Classical Music: Bliss: Miracle in the Gorbals; Metamorphic Variations

Bliss Reborn: A Revelatory Recording Restores Lost Masterpieces
Bliss: Miracle in the Gorbals; Metamorphic Variations

BBC Philharmonic Orchestra | Michael Seal
Chandos CHSA 5370
Chandos.net


This is a release of genuine importance, one that demands the attention of anyone with a serious interest in twentieth-century British music. Arthur Bliss, a composer whose reputation has long rested somewhat uneasily in the shadow of his contemporaries, emerges here in vivid new light through two works that demonstrate the full range of his compositional powers.

Miracle in the Gorbals, perhaps now overshadowed by his earlier ballet Checkmate, was in fact a tremendous hit for Bliss and the Sadler's Wells Ballet company when it premiered in 1944. Its success led to its revival in every season until 1950. Based on a scenario by Michael Benthall—drawing inspiration from Jerome K. Jerome and Dostoyevsky—the ballet unfolds in Glasgow's most infamous slum, where a Christ-like Stranger appears and performs a miracle, reviving a Girl Suicide who has thrown herself into the Clyde in despair. The locals rejoice, but an official (Benthall had in mind a priest), consumed by jealousy, orchestrates the stranger's brutal death at the hands of a razor gang after a failed attempt to discredit him through the local prostitute.

Bliss's score is an arresting achievement, deploying a wide range of styles and harmonic language while ingeniously exploiting leitmotifs for the principal characters.
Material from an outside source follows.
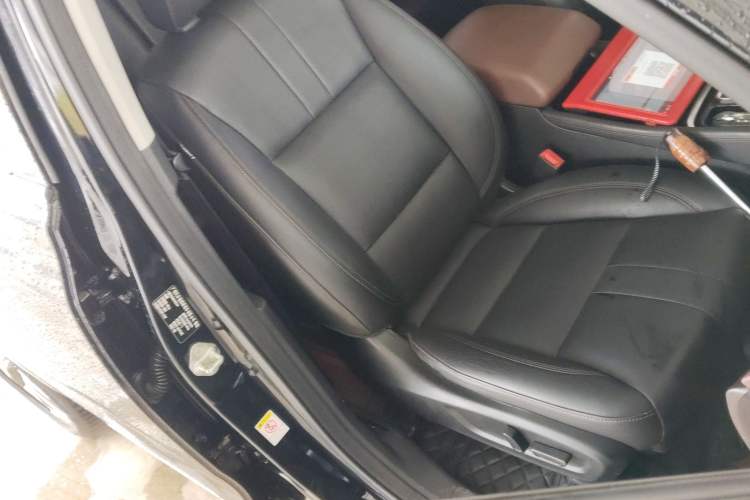 Used GAC Trumpchi GS8 2019 390T Two-Wheel Drive Luxury Smart Connectivity Version (7 Seats) Right Front Seat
Under Michael Seal's baton, the BBC Philharmonic Orchestra delivers a performance with exceptional colour and emotional depth. The raw power of the timpani creates genuine drama, the full orchestral passages generate thrilling excitement, and the music depicting the Girl Suicide captures a sadness that is both profound and harmonically sophisticated. This is music-making that serves the narrative with complete conviction.

The coupling is equally significant. Originally titled Variations for Orchestra, the Metamorphic Variations were composed towards the end of Bliss's life during a late surge of creativity. Here lies the true revelation: two of the sixteen movements were dropped before the first performance by the LSO and Vernon Handley in 1973 and inexplicably remained absent from all subsequent performances until Michael Seal and the BBC Philharmonic reinstated them in February 2025—the day before making this recording. This is therefore the premiere recording of the work as Bliss conceived it, a fact that elevates this release from mere excellence to indispensability.

The Metamorphic Variations proves to be another impressive and substantial work, again making fabulous use of percussion. The Polonaise, with its castanets, is a particular highlight, demonstrating Bliss's flair for instrumental colour and rhythmic vitality. Throughout, the BBC Philharmonic responds with virtuosity and commitment, whilst Chandos provides engineering of their customary superb quality.

This is an exciting, important, and thoroughly enjoyable release that makes a compelling case for the re-evaluation of Arthur Bliss's achievement. Essential listening.